CSE 5523: Machine Learning and Statistical Pattern Recognition

Introduction to basic concepts of machine learning and statistical pattern recognition; techniques for classification, clustering and data representation and their theoretical analysis.

Details

Tuesday, Thursday, 12:45 - 2:05
Place: Dreese 480
Instructor: Alan Ritter (ritter.1492@osu.edu)
Office Hours: Tuesday 4:30-5:30pm, Dreese 595
TA: Chaoyue Liu (liu.2656@buckeyemail.osu.edu)
Office Hours: By Appointment, DL 586

Textbook:

Kevin Murphy Machine Learning: a Probabilistic Perspective
(There will be other readings as well)

Grading

Grading will be based on:

Participation (10%)

You will receive credit for asking and answering questions related to the homework on Piazza and engaging in class discussion.

Homeworks (50%)

The homeworks will include both written and programming assignments. Homework should be submitted to the Dropbox folder in Carmen by 11:59pm on the day it is due (unless otherwise instructed). Each student will have 3 flexible days to turn in late homework throughout the semester. As an example, you could turn in the first homework 2 days late and the second homework 1 day late without any penalty. After that you will loose 20% for each day the homework is late. Please email your homework to the instructor in case there are any technical issues with submission.

Midterm (20%)

There will be an in-class midterm on March 7.

Final Projects (20%)

The final project is an open-ended assignment, with the goal of gaining experience applying the techniques presented in class to real-world datasets. Students should work in groups of 3-4. It is a good idea to discuss your planned project with the instructor to get feedback. The final project report should be 4 pages and is due on April 30. The report should describe the problem you are solving, what data is being used, the proposed technique you are applying in addition to what baseline is used to compare against.

Resources

Piazza (discussion, announcements and restricted resources). https://piazza.com/osu/spring2017/5523/home

Carmen (homework submission + grades). https://osu.instructure.com/courses/14167

Academic Integrity

Any assignment or exam that you hand in must be your own work (with the exception of group projects). However, talking with others to better understand the material is strongly encouraged. Copying a solution or letting someone copy your solution is cheating. Everything you hand in must be your own words.
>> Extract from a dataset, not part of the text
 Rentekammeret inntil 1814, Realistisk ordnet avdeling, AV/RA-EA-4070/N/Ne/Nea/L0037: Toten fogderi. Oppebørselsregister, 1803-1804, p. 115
Code you hand in must be written by you, with the exception of any code provided as part of the assignment. Any collaboration during an exam is considered cheating. Any student who is caught cheating will be reported to the Committee on Academic Misconduct. Please don't take a chance - if you are having trouble understanding the material, let us know and we will be happy to help.

Homeworks

Homework 1 (Due 1/17, hand in a paper copy at the beginning of class)

Homework 2 Starter Code (Due 2/2, turn in to the dropbox on Carmen)
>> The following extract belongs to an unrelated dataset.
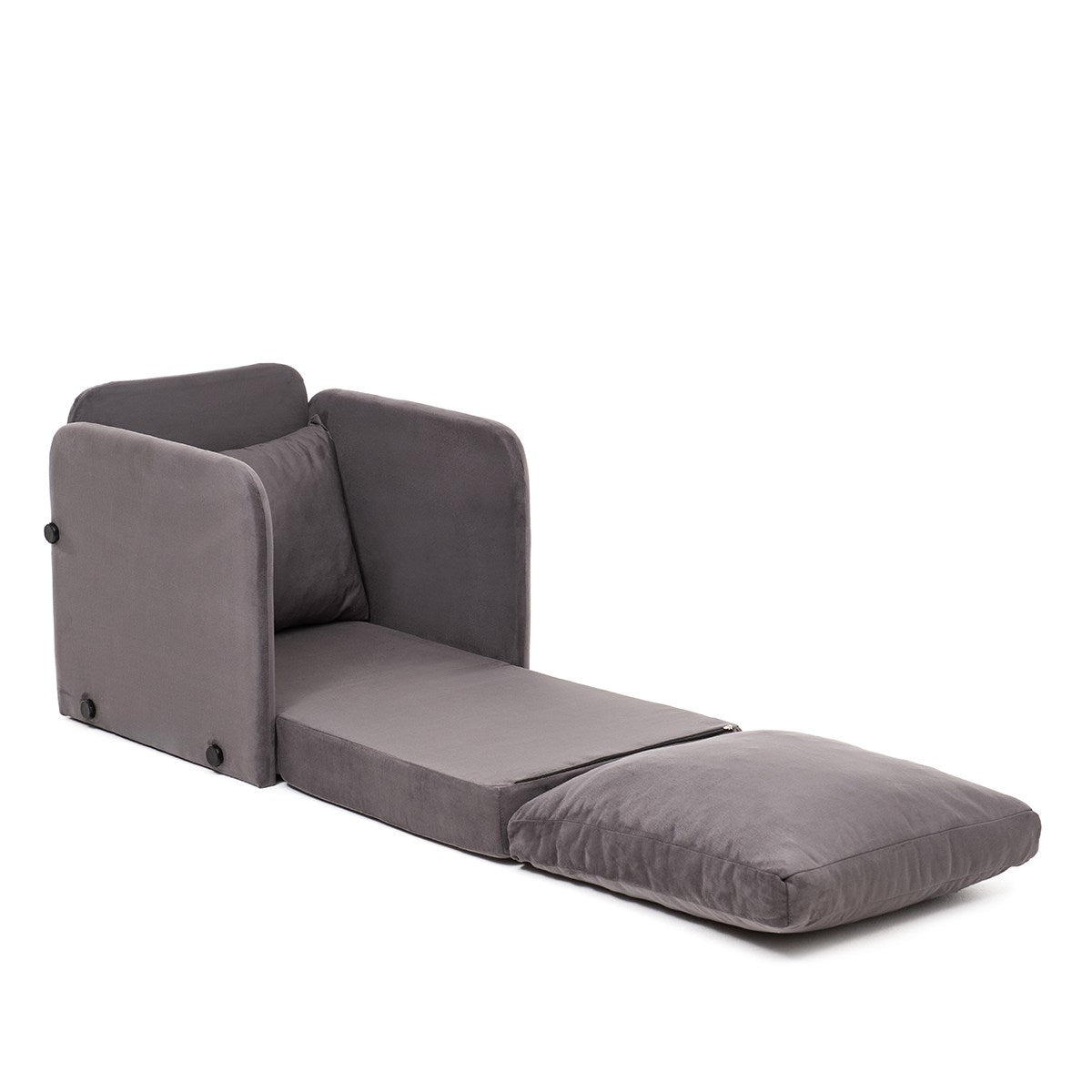 Sofá-cama de 1 lugar-Saga-Cinza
Homework 3 (Due 2/14, hand in a paper copy at the beginning of class)

Homework 4 Starter Code (Due 3/21, turn in to the dropbox on Carmen)

Homework 5 Starter Code (Due 4/21, turn in to the dropbox on Carmen)

Anonymous Feedback

https://goo.gl/forms/ajvb9dJaTHsWh7sS2

Tentative Schedule:

https://docs.google.com/spreadsheets/d/1wDjARgTT-vvlsKtm02c9Hk8VAr1lkjDJ-wAOKTebGRI/edit?usp=sharing

Reading Assignments

Date	Topic	Required Reading	Suggested Reading
1/10	Course Overview	Murphy Chapter 1	Probability Primer (2.1-2.5, 3.1-3.3), Linear Algebra, Calculus
1/12	Decision Trees	Murphy 16.2	CIML Chapter 1
1/17	Decision Trees (cont) and Probability Review	Murphy Chapter 2.1-2.5, 2.8	Mackay Book 2.1-2.3
1/19	Statistical Estimation	Murphy Chapter 3.1-3.4
1/22	Dirichlet-Multinomial + Naive Bayes	Murphy Chapter 3.4-3.5
1/24	Linear Regression	Murphy Chapter 7.1-7.3, 7.5	7.4, 7.6
1/31	Logistic Regression	Murphy 8.1,8.2,8.31,8.32	Tom Mitchell's Notes on NB + LR
2/2	Logistic Regression	Murphy 8.3.7, 8.5, 8.6.1	Ng & Jordan 2002
2/7	Perceptron	CIML Chapter 4
2/9	Instance-Based Learning	CIML Chapter 3
2/14	Kernel Methods	CIML Chapter 11
2/16	SVMs	CIML Chapter 7	Murphy 14.1, 14.2, 14.3, 14.4, 14.5
2/21	Neural Networks	Murphy 16.5	CIML Chapter 10, Deep Learning Book Chapter 6
2/23	Neural Networks	Murphy 16.5	CIML Chapter 10, Deep Learning Book Chapter 6
2/28	Boosting	Murphy 16.4	CIML Chapter 13
3/2	Midterm Review
2/28	Midterm
3/2	Course Project + Boosting (cont)	Murphy 16.4	CIML Chapter 13
3/21	Boosting	Murphy 16.4
3/23	Expectation Maximization / Unsupervised Learning	Murphy Chapter 11	CIML Chapter 16
3/28	No Class
3/30	Guest Lecture (Wei Xu)		SemEval-2015 Task 1: Paraphrase and Semantic Similarity in Twitter (PIT)
4/4	Expectation Maximization / Unsupervised Learning (cont)	Murphy Chapter 11	CIML Chapter 16
4/6	Directed Graphical Models	Murphy 10.1, 10.2, 10.3, 10.4, 10.5,
4/11	Directed Graphical Models (cont)
4/13	Structure Learning	Murphy 26.4
4/18	Convolutional Neural Networks	Deep Learning Book Chapter 9
4/20	Recurrent Neural Networks	Deep Learning Book Chapter 10
4/27 (2pm)	Final Project Presentations